Businesses can be more aware of these inequities by using location analytics to highlight neighborhoods where redlining—the practice of denying loans to people of color in disadvantaged neighborhoods—has been common. That information could guide a fintech firm, for example, to expand in areas where the company can lend to people of color to help build wealth.
Starbucks’ growing use of “community stores” points to a strategy that more national businesses can employ. By 2025, the coffee retailer plans to operate 100 stores in underrepresented neighborhoods across the US. In addition to introducing service to neglected areas, the stores employ local work crews and support BIPOC-owned contractors. The stores also hire local artists, feature community spaces, and develop job training and mentoring programs, the company says. Starbucks estimates that existing community stores, in operation since 2015, have generated more than $59.7 million in indirect economic development.
Every decision a business makes has the potential to create burdens or benefits for people of color.
Action: Invest in Education
Another powerful area where companies are taking action on racial equity is in partnering with schools, from the K–12 level through college. Location intelligence can aid a company in sponsoring college teams or STEM programs by organizing information on a dashboard to highlight colleges with historically Black populations and K–12 schools located in predominately Black areas.
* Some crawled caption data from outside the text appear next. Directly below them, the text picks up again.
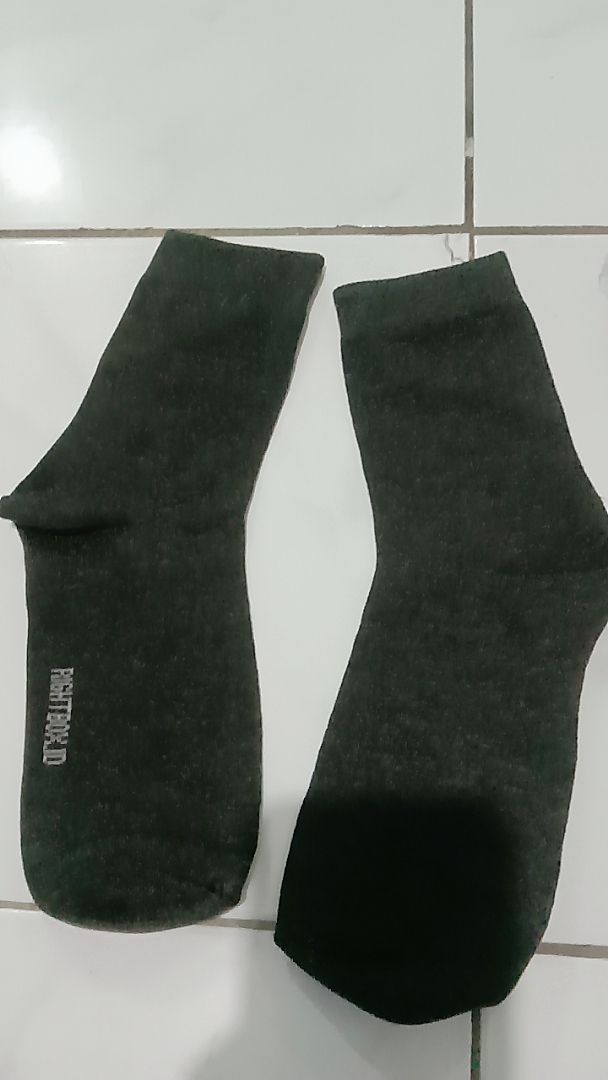 Rightbox ID, Kaos Kaki Pria, Kantor Polos, Pendek Setengah Betis, One Size Dewasa - Foto ulasan pembeli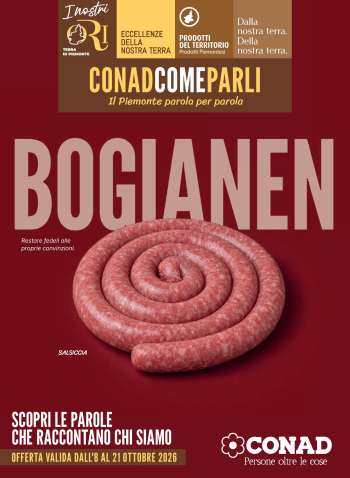 Volantino Conad - 8/10/2026 - 21/10/2026.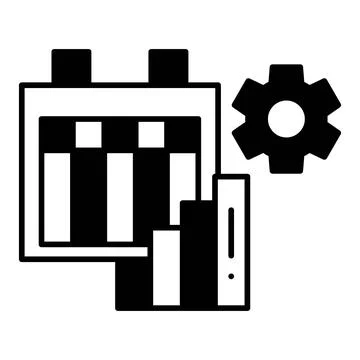 Productivity Schedule Dualtone Icon Stock Illustration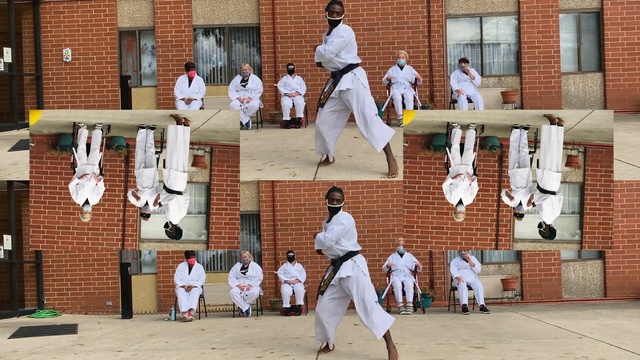 Video Reference: Photograph, White, World, Green, Window, Human, Sports uniform, Mammal, Martial arts uniform, Sports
This allows a business to align corporate donations with institutions where funds will have the biggest impact on diversity, inclusion, and racial equity.
A map could similarly be used to find Hispanic-serving institutions or tribal universities near company offices. When there’s a job opening, the recruiting team could connect with graduates of schools serving predominantly students of color, looking to the disciplines that align with the needs of the role.
Companies can also use location analytics to guide work with K–12 students. By creating smart maps that show schools serving predominantly disadvantaged communities, location analysts can uncover opportunities for sponsorships and volunteer projects that improve school conditions.
Action: Improve the Supply Chain
Complex global supply chains can often mask a multitude of injustices, from sourcing protocols that harm the environment in poor communities to labor practices that violate human rights. By making supply chains more transparent with the help of location intelligence, businesses can limit liabilities, promote racial equity, and explore overlooked opportunities and partnerships.
Location intelligence can help guide a company to seek out BIPOC-owned businesses to partner with as suppliers, all the way down through the supply chain. Using GIS technology, supply chain planners can perform detailed network analyses, exploring what-if scenarios for adding a BIPOC-owned supplier to the distribution chain in the most efficient way possible.
Similarly, smart maps could help monitor where the supply chains run through communities of color—by rail, highway, or other means—and identify those locations as areas of focus for investment or hiring.
Fortune 500 executives wield a great deal of influence over the state of the economy—and, by extension over the workplaces, neighborhoods, and retail centers of America. With that influence comes a responsibility to lift up customers and employees of color who have faced systemic discrimination for generations.
At this historic moment of widespread awareness of the need for racial equity, businesses have an essential role to play. By making purpose-built plans based on solid intelligence and data, business leaders are mapping progress to a more equitable future.